Hi, I got this error when using torch.distributed on training a model on a single machine multiple GPUs.
File "run_classifier_bertgcn.py", line 364, in <module>
main()
File "run_classifier_bertgcn.py", line 319, in main
train(train_dataset, model, mlb, G, args.batch_sz, args.num_epochs, criterion, device, optimizer, lr_scheduler)
File "run_classifier_bertgcn.py", line 136, in train
output = model(input_ids, attention_mask)
File "/home/xdwang/ml4h/lib/python3.7/site-packages/torch/nn/modules/module.py", line 722, in _call_impl
result = self.forward(*input, **kwargs)
File "/home/xdwang/ml4h/lib/python3.7/site-packages/torch/nn/parallel/distributed.py", line 511, in forward
output = self.module(*inputs[0], **kwargs[0])

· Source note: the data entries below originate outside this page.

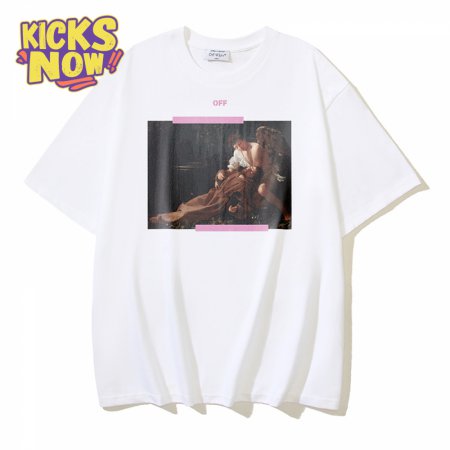 OFF-WHITE Printed Short Sleeve T-Shirt White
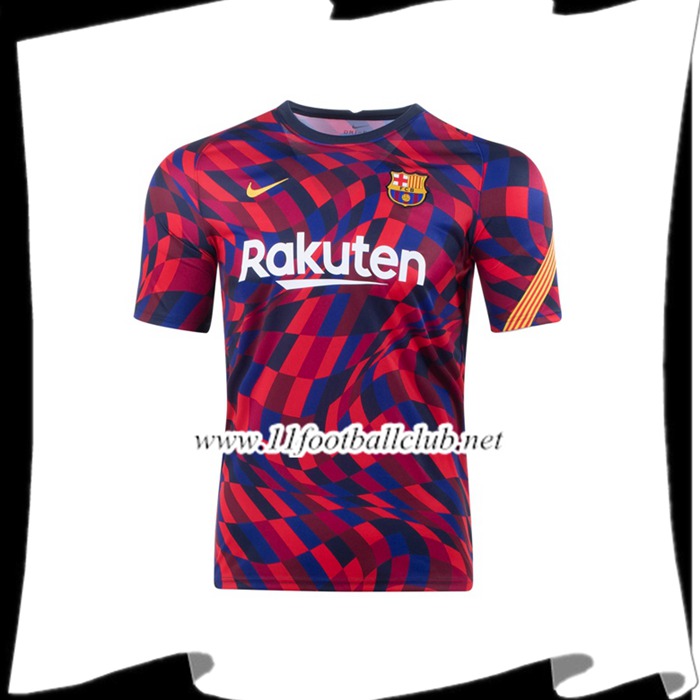 Nouveaux Training T-Shirts FC Barcelone Rouge 2020/2021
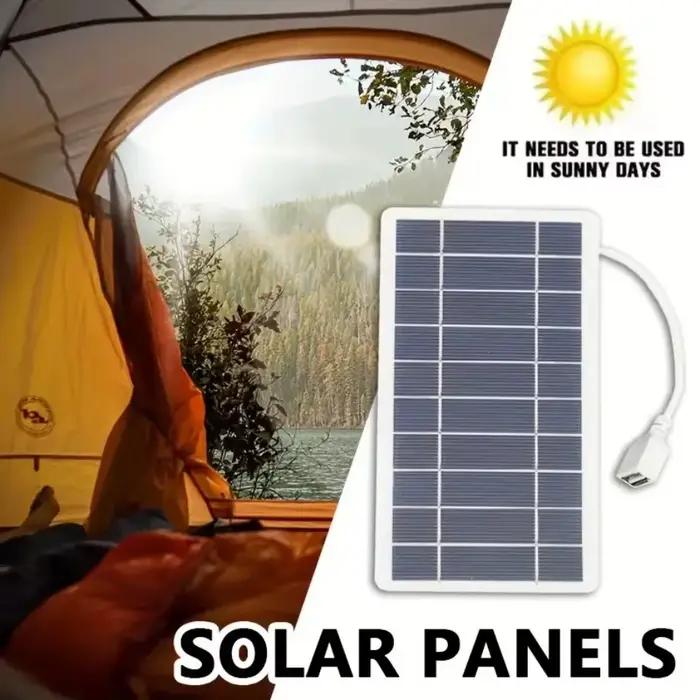 Chargeur solaire USB portable sûr et stable pour voyages en plein air camping randonnée ventilation lampe de poche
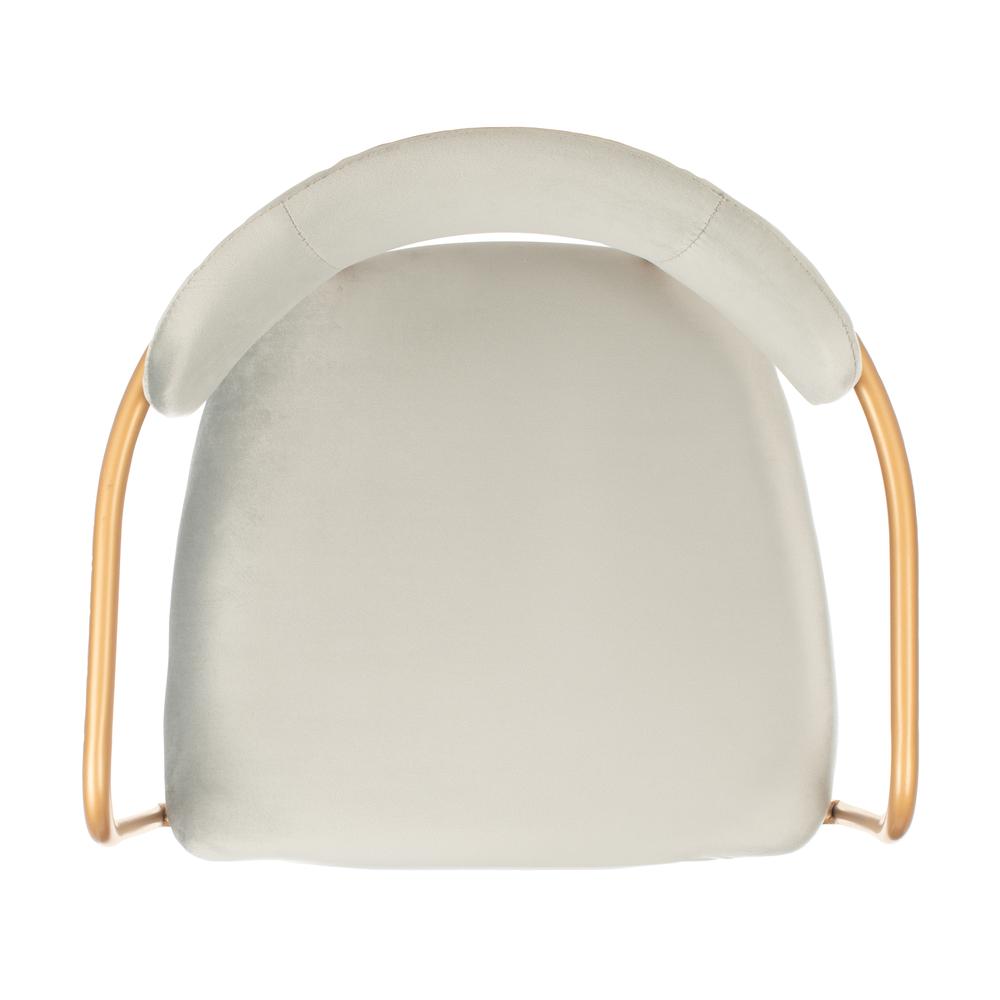 Camille Side Chair, Grey/Gold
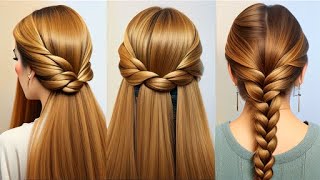 Simply Easy Hairstyle  Quick amp Easy Hairstyle For Festival  Open Hairstyle [upl. by Richmal]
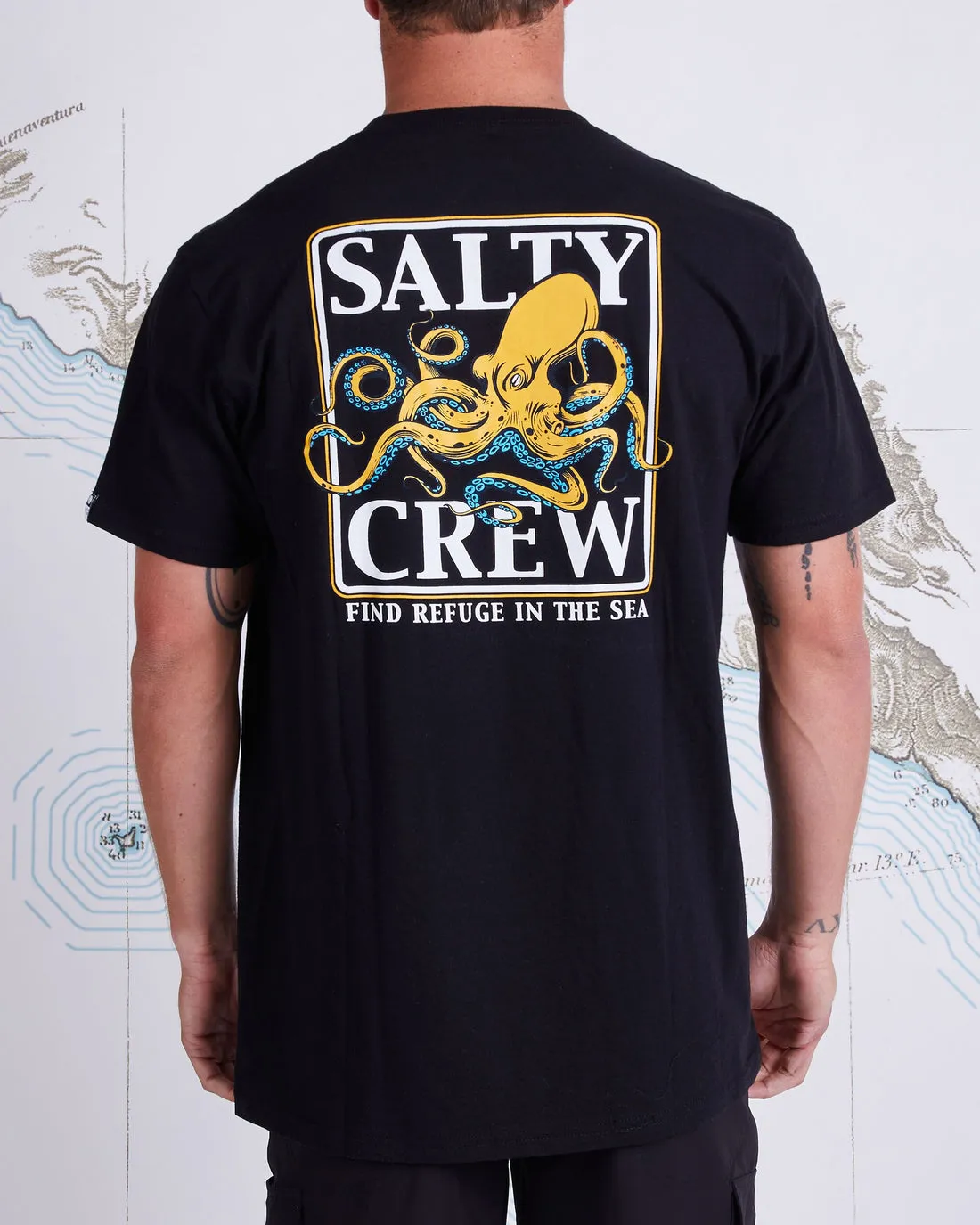 Salty Crew Ink Slinger Black S/S Standard Tee - Black sold by Sun Diego Boardshops
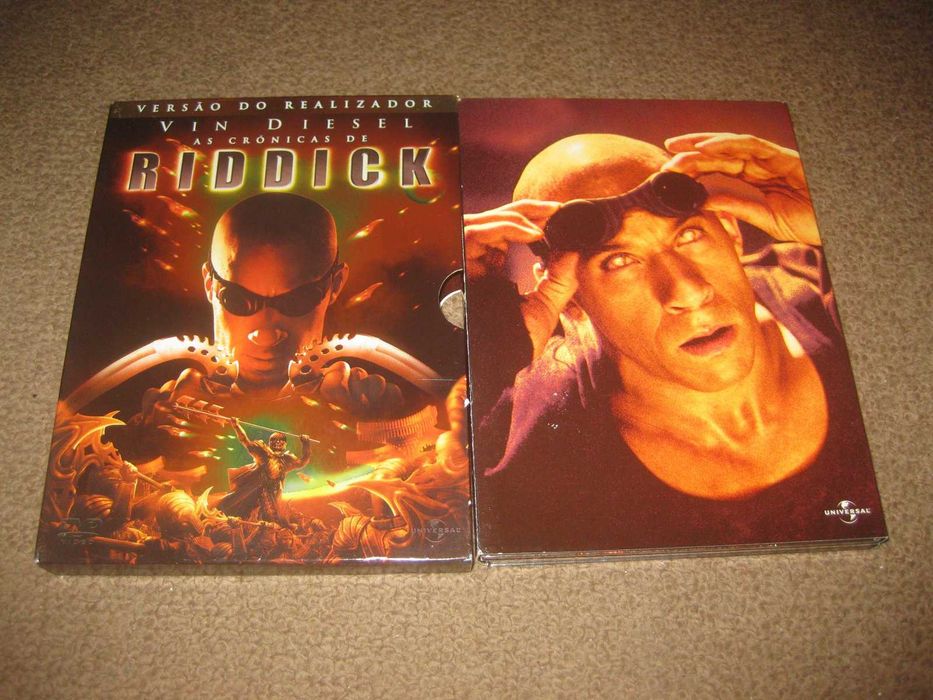 "As Crónicas de Riddick" Vin Diesel/Edição Especial 2 DVDs/Digipack!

File "/home/xdwang/ml4h/lib/python3.7/site-packages/torch/nn/modules/module.py", line 722, in _call_impl
result = self.forward(*input, **kwargs)
File "/lustre03/project/6001103/xdwang/MeSH_Indexing_RGCN/model.py", line 349, in forward
output, _ = self.bert(src_input_ids, src_attention_mask)
File "/home/xdwang/ml4h/lib/python3.7/site-packages/torch/nn/modules/module.py", line 722, in _call_impl
result = self.forward(*input, **kwargs)
File "/home/xdwang/ml4h/lib/python3.7/site-packages/transformers/modeling_bert.py", line 838, in forward
input_ids=input_ids, position_ids=position_ids, token_type_ids=token_type_ids, inputs_embeds=inputs_embeds
File "/home/xdwang/ml4h/lib/python3.7/site-packages/torch/nn/modules/module.py", line 722, in _call_impl
result = self.forward(*input, **kwargs)
File "/home/xdwang/ml4h/lib/python3.7/site-packages/transformers/modeling_bert.py", line 197, in forward
inputs_embeds = self.word_embeddings(input_ids)
File "/home/xdwang/ml4h/lib/python3.7/site-packages/torch/nn/modules/module.py", line 722, in _call_impl
result = self.forward(*input, **kwargs)
File "/home/xdwang/ml4h/lib/python3.7/site-packages/torch/nn/modules/sparse.py", line 126, in forward
self.norm_type, self.scale_grad_by_freq, self.sparse)
File "/home/xdwang/ml4h/lib/python3.7/site-packages/torch/nn/functional.py", line 1814, in embedding
return torch.embedding(weight, input, padding_idx, scale_grad_by_freq, sparse)
RuntimeError: arguments are located on different GPUs at /pytorch/aten/src/THC/generic/THCTensorIndex.cu:403
My model is a simple BERT model (using huggingface transformer) with a sigmoid activation after BERT output.